Now, I know there's a lot of other issues, and we'll talk hours on issues, but in terms of earning and spending capital, a president must be able to stand up and say, here's what the people heard. Now, let's get it done, and one of those key issues is Social Security, and that's the framework for an agreement I just laid out.
QUESTION: We have an online question that's relevant to your old job in the oil business. Real Eskew (ph) -- that's the name of the AOL member -- asks: Do you think that you could speak to the crisis in trucking due to heightened fuel costs. As president, how would you deal with this situation?
BUSH: Yes, the short-term solution for high fuel costs is to convince friendly nations and OPEC to increase the supply of crude oil. The price of diesel or the price of gasoline is tied directly to the price of crude oil. OPEC has gotten supply and demand in balance, and that's why they've been able to run the price up.
The United States -- the president of the United States also earns capital, by the way.
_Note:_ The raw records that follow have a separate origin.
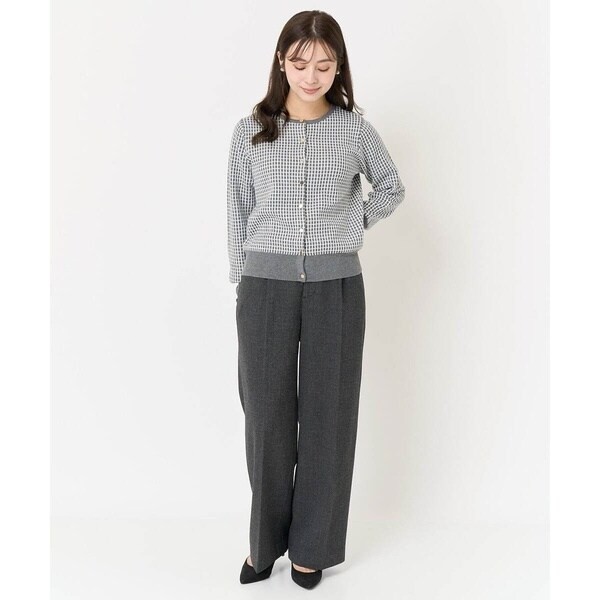 MK ミッシェルクラン（MK MICHEL KLEIN ）/【小さいサイズ】格子チェックジャガードニットカーディガン/洗えるの通販は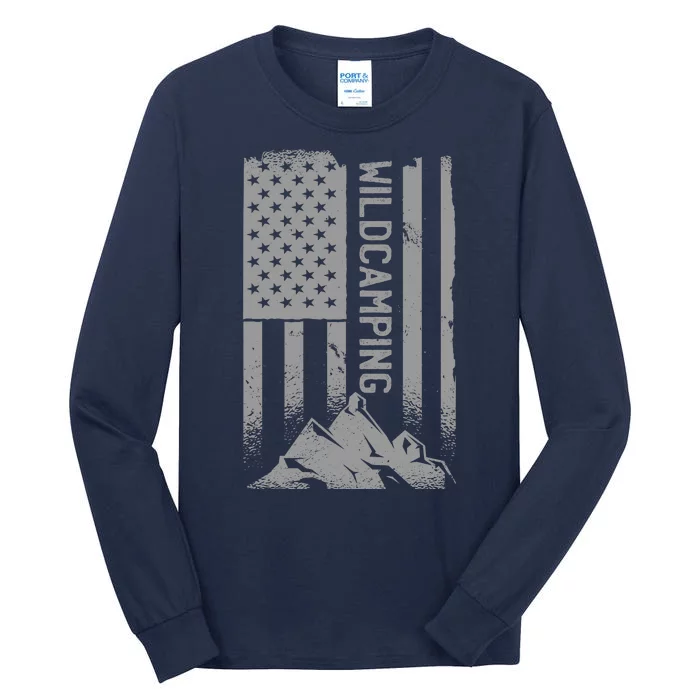 Wild Camping American Flag Mountain Tall Long Sleeve T-Shirt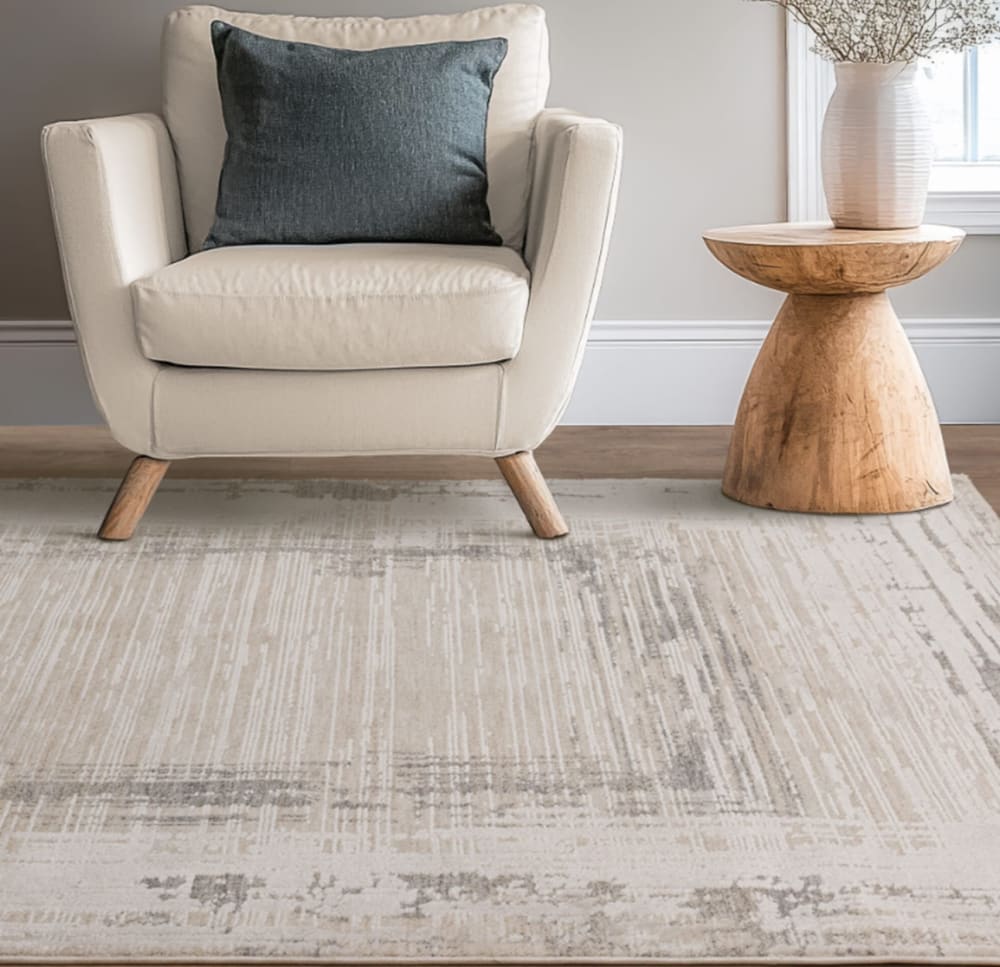 Novatrend Moderner Flachgewebeteppich Grau 200x300 cm style modern Grau Pp - Polypropylen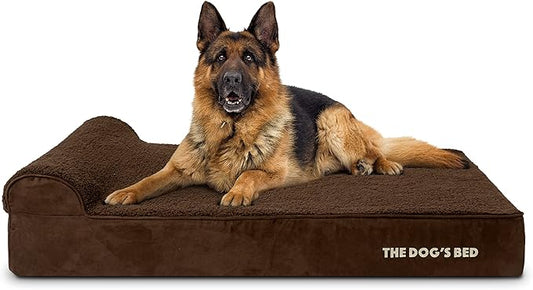 The Dog’s Bed Orthopedic Headrest Dog Bed XL Brown Plush, Memory Foam, Pain Relief for Arthritis, Hip & Elbow Dysplasia, Post Surgery, Lameness, Waterproof Washable Cover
There's domestic capital and foreign policy capital, and the president ought to spend it by telling friendly nations and OPEC, we expect you to increase the supply of crude. That is the quickest way to make sure the price of crude oil drops, and therefore, correspondingly, the price of diesel and/or gasoline drops as well. And the argument is simple: If you destroy our market, you hurt yourself. If you choke the price -- if you run the price of crude oil up to the point -- or crude oil products up to the point where it causes economic -- an economic downturn in America, you hurt yourself.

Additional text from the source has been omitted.